The group, based in Thirsk, North Yorkshire, said tough trading in the retail sector had also contributed to a ten per cent fall in like-for-like sales at the chain, which specialises in fashion for women aged over 40.

The disappointing update came as Austin Reed announced that head of retail David Lowbridge, who joined the group when it acquired Country Casuals in 1998, was leaving. He was going because his role as head of both brands was disappearing from the business, the company said.

The group, which operates 49 Austin Reed stores and 41 concessions, as well as 66 Country Casuals outlets and 140 concessions, said it expected pre-tax losses of £2.5m to £3m for the six months to August 14, compared with profits of £1.1m last time.

Chief executive Nick Hollingworth said Country Casuals had been late to pick up on the trend among its core customers to wear clothes previously aimed at younger women.

He said: "Women are wearing jeans and all sorts of more fashionable clothing now than they were when Country Casuals was in its prime."

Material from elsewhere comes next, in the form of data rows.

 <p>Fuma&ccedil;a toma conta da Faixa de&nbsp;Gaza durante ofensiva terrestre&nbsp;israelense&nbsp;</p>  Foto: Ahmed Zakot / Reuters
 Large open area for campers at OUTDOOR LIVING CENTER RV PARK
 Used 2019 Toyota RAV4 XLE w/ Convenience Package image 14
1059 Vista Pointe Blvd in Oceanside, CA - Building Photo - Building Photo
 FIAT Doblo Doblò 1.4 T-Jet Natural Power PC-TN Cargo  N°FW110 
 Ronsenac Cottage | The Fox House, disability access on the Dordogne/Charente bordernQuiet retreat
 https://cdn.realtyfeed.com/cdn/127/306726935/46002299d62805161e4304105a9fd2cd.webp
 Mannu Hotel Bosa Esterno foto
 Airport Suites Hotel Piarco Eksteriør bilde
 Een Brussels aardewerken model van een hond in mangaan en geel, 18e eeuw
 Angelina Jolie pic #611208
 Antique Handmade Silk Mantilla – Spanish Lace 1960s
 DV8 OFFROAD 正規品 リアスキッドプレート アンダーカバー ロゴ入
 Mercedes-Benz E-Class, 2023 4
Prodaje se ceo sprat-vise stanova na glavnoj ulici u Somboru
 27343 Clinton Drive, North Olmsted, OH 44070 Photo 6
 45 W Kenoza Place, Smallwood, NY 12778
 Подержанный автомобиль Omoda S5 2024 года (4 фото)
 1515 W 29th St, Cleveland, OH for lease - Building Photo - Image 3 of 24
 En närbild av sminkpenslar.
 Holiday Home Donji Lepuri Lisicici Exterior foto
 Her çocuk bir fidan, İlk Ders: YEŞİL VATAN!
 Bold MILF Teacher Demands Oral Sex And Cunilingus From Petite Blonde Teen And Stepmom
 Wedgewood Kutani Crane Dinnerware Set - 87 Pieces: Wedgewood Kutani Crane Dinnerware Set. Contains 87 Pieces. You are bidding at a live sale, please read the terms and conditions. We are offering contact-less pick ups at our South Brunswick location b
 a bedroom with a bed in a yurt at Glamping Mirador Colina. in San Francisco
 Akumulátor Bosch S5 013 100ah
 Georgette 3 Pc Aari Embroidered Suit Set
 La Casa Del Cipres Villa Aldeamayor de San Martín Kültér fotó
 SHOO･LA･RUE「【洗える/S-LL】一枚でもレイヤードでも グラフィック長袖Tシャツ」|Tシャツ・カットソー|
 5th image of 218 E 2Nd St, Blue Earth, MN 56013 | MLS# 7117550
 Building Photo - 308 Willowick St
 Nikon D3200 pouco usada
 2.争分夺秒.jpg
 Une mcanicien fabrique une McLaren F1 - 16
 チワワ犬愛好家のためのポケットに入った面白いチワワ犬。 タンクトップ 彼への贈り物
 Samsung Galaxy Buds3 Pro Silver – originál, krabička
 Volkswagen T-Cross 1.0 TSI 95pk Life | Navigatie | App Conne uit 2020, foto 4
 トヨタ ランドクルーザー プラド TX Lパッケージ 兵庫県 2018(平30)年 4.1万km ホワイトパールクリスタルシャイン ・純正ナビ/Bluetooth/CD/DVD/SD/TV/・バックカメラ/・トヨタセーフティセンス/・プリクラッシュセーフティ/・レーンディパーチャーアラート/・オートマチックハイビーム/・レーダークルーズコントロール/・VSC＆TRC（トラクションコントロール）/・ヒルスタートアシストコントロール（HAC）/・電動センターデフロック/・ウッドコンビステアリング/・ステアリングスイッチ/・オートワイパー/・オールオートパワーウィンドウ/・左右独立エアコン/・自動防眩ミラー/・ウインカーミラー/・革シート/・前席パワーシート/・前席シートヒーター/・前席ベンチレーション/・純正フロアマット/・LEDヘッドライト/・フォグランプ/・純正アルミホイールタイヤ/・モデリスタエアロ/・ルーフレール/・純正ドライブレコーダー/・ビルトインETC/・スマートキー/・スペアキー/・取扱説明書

The group was looking at updating its ranges in order to address this problem and would announce changes later in the year.

In contrast, the main Austin Reed chain - which includes both menswear and womenswear - continued to show signs of recovery with a three per cent increase in same-store sales in the 23 weeks to July 10.

Yesterday's update led brokers to cut their estimates for the full year, with Richard Ratner at Seymour Pierce reducing his estimate for profits of £2.5m to losses of £7.5m. Last year the group made profits of £280,000.

Austin Reed said a business review had identified areas for improvement, including the closure of Country Casuals in Canada. It will also pay suppliers five per cent less in order to cut costs.

These changes are expected to generate benefits of £500,000 in the second half of this financial year, although they will add £3.5m of exceptional costs in the current financial period.